Task item: Return all the lines below exactly as written. Drop every picture.
#### Exercise input
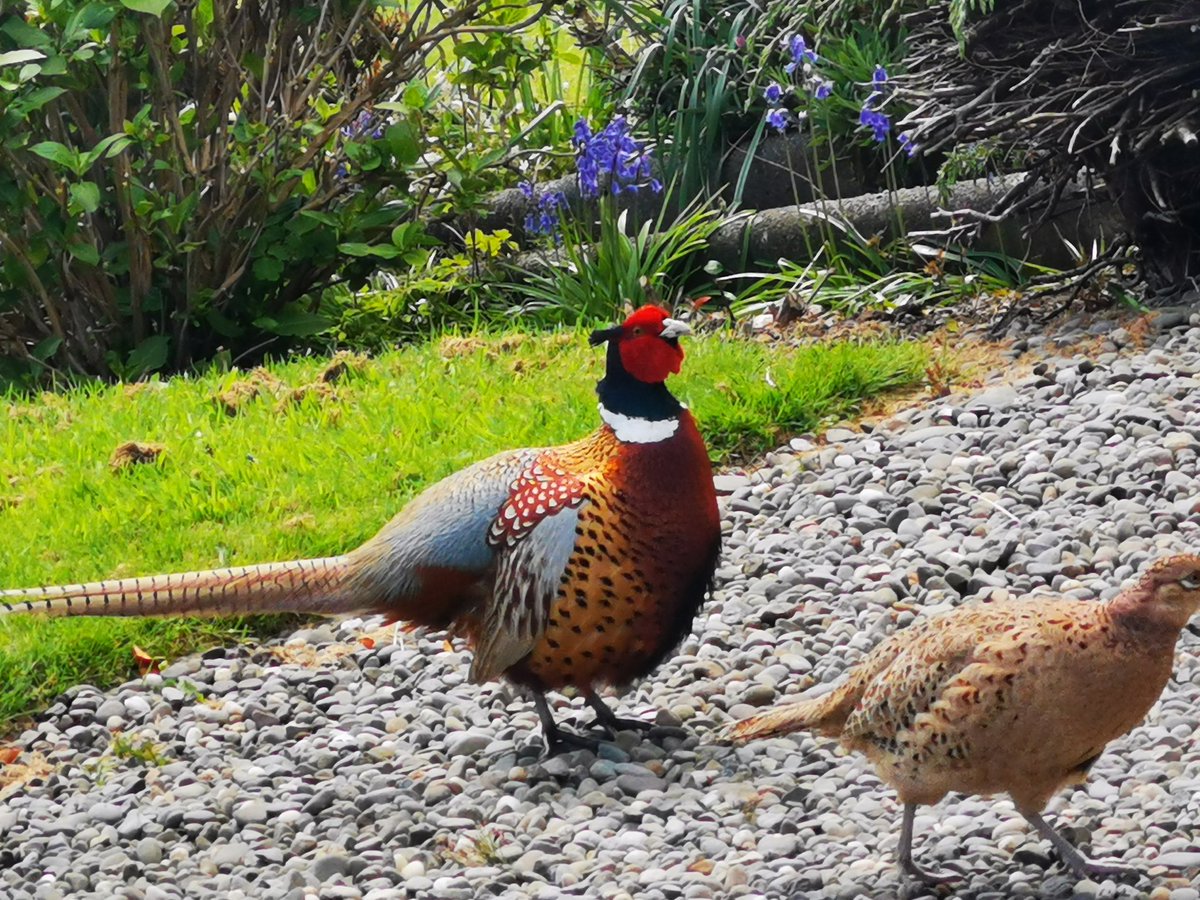 Mr &amp; Mrs Pheasant helping with the gardening at Rickwood B&amp;B in Portpatrick this morning.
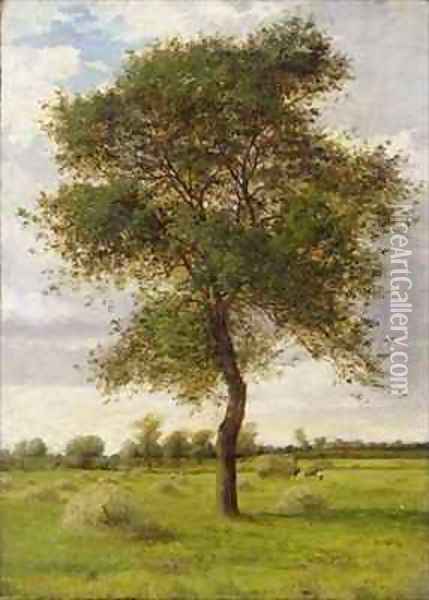 Study of an Ash Tree in Summer Oil Painting - James Hey Davies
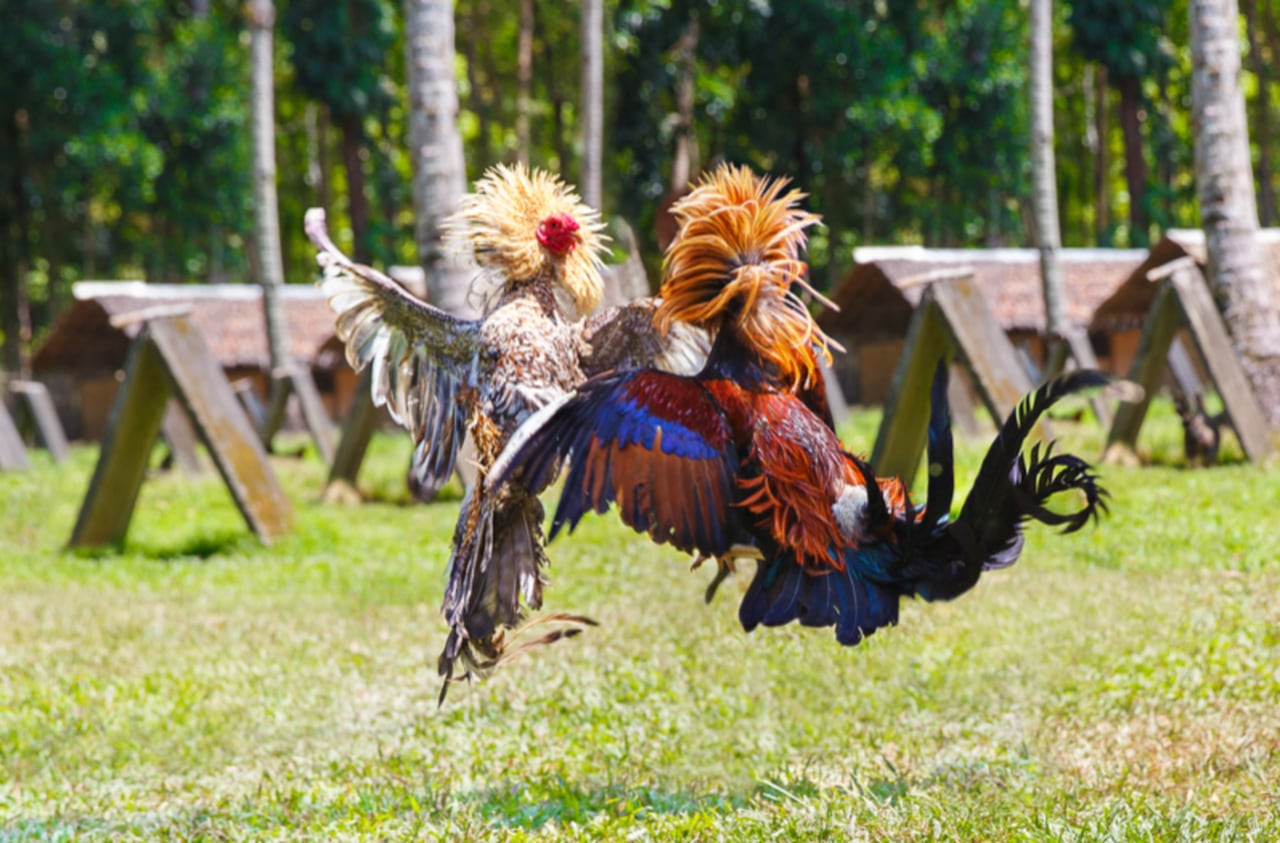 Alabama cockfighting arena with stadium seats, concessions busted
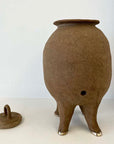 Pig pot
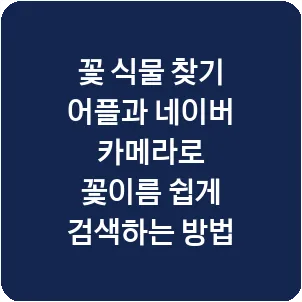 꽃 식물 찾기 어플과 네이버 카메라로 꽃이름 쉽게 검색하는 방법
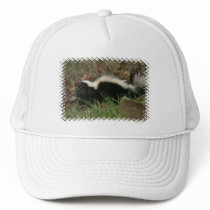 Skunk Behaviour  Baseball Hat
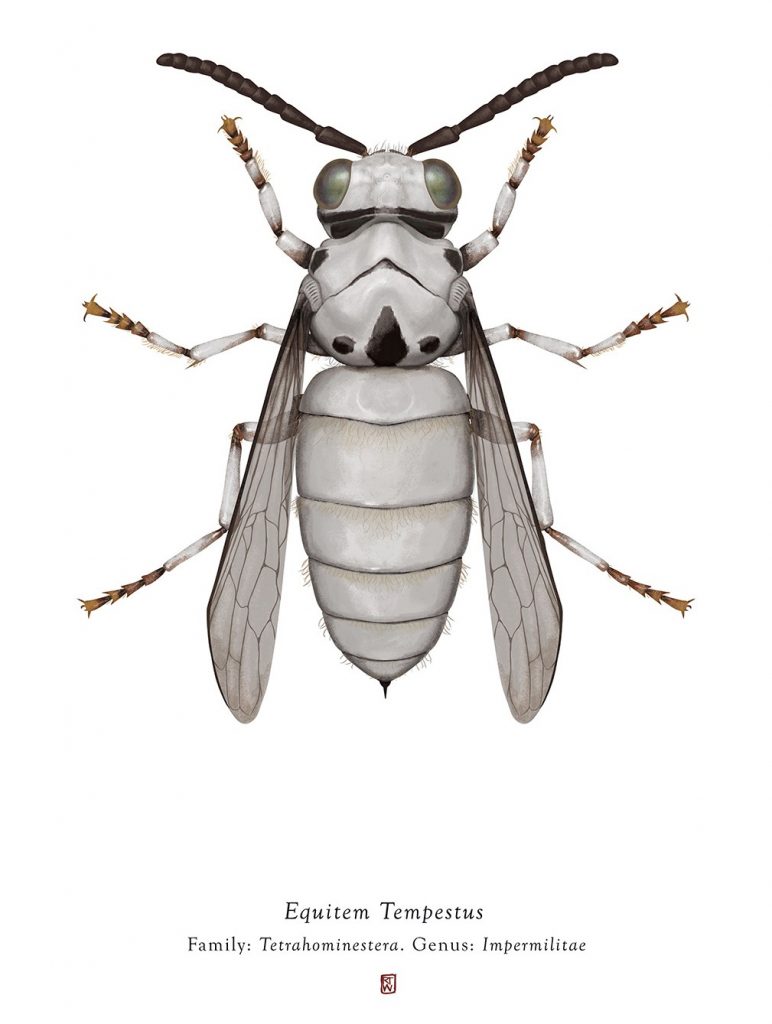 Characters From Star Wars Imagined As Bugs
########
Solution to the problem:
 Mr &amp; Mrs Pheasant helping with the gardening at Rickwood B&amp;B in Portpatrick this morning.
 Study of an Ash Tree in Summer Oil Painting - James Hey Davies
 Alabama cockfighting arena with stadium seats, concessions busted
 Pig pot
 꽃 식물 찾기 어플과 네이버 카메라로 꽃이름 쉽게 검색하는 방법
 Skunk Behaviour  Baseball Hat
 Characters From Star Wars Imagined As Bugs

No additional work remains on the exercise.